Task brief: Restate word for word all of the lines below, with each image left out.

Provided information:
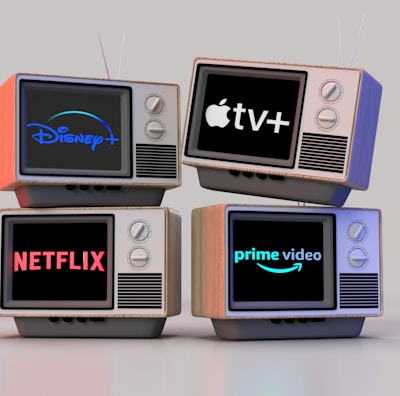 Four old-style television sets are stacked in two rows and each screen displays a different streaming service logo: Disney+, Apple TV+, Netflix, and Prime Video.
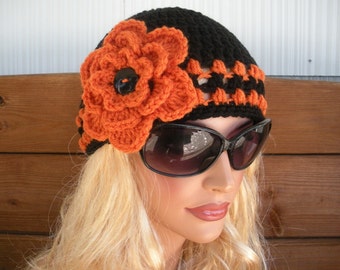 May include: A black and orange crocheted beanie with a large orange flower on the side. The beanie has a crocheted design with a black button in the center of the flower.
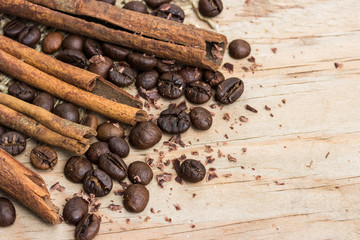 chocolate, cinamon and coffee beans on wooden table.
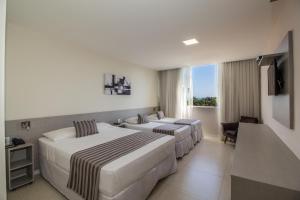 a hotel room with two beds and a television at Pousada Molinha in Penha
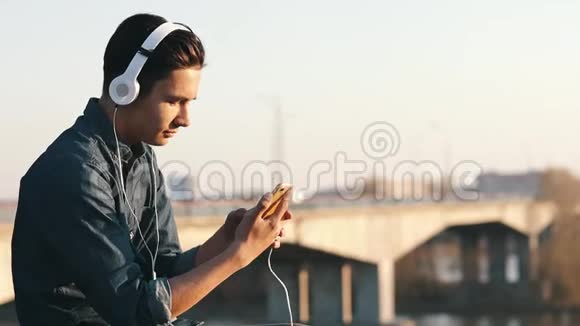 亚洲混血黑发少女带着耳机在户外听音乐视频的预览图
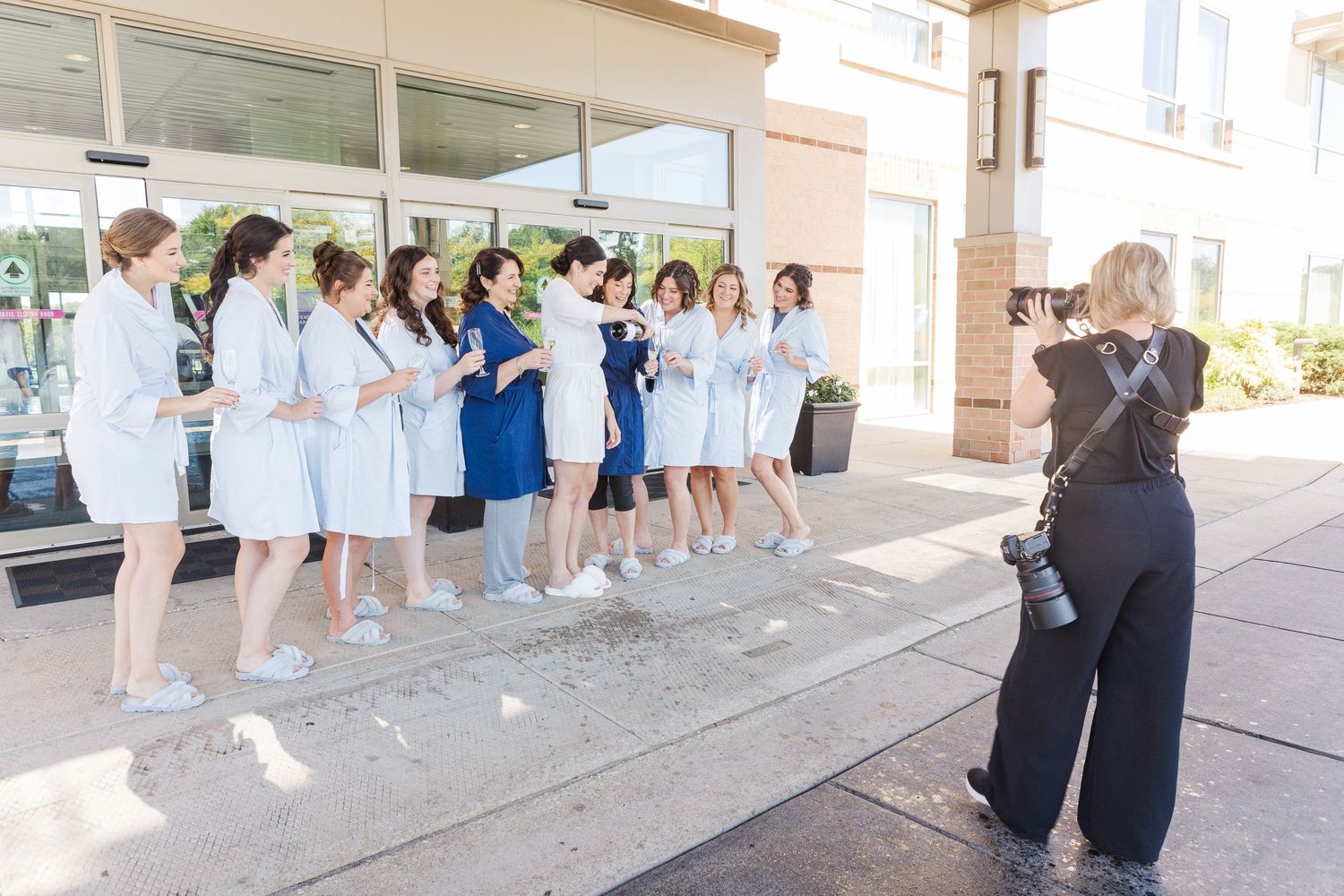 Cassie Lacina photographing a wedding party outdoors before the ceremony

Your response:
 Four old-style television sets are stacked in two rows and each screen displays a different streaming service logo: Disney+, Apple TV+, Netflix, and Prime Video.
 May include: A black and orange crocheted beanie with a large orange flower on the side. The beanie has a crocheted design with a black button in the center of the flower.
 chocolate, cinamon and coffee beans on wooden table.
 a hotel room with two beds and a television at Pousada Molinha in Penha
 亚洲混血黑发少女带着耳机在户外听音乐视频的预览图
 Cassie Lacina photographing a wedding party outdoors before the ceremony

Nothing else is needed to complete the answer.